Directions for this task → Write out every line below with no difference at all.
*** Provided records ***
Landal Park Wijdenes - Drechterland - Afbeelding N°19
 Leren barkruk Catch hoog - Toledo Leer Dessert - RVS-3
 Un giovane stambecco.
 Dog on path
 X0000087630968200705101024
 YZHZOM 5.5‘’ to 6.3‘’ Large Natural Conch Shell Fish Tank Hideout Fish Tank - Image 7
*** End of Provided records ***
Solution below →
Landal Park Wijdenes - Drechterland - Afbeelding N°19
 Leren barkruk Catch hoog - Toledo Leer Dessert - RVS-3
 Un giovane stambecco.
 Dog on path
 X0000087630968200705101024
 YZHZOM 5.5‘’ to 6.3‘’ Large Natural Conch Shell Fish Tank Hideout Fish Tank - Image 7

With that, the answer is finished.